Word for word, the data below must be repeated in full; no picture is to be included.

» **EXERCISE DATA**
=-=-=

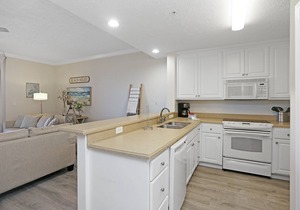 Gulf Views, Mexico Beach Condo, Pool, Hot Tub ~ Summerhouse 209
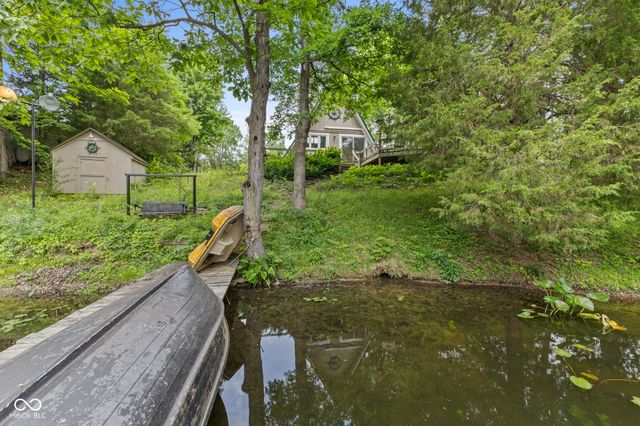 5801 Paradise Drive, Martinsville, IN 46151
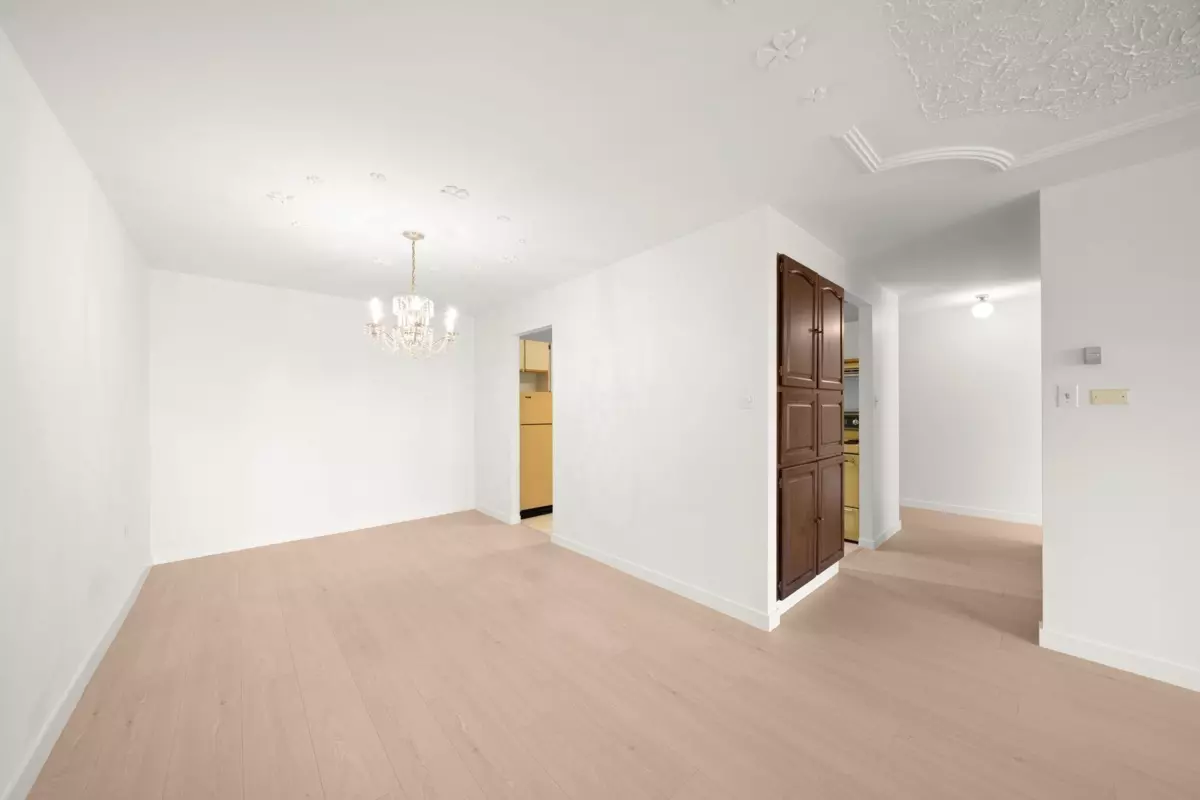 Family Room Photo of 1002 6651 Minoru Boulevard, Richmond, BC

=-=-=

» **WRITTEN SOLUTION**
 Gulf Views, Mexico Beach Condo, Pool, Hot Tub ~ Summerhouse 209
 5801 Paradise Drive, Martinsville, IN 46151
 Family Room Photo of 1002 6651 Minoru Boulevard, Richmond, BC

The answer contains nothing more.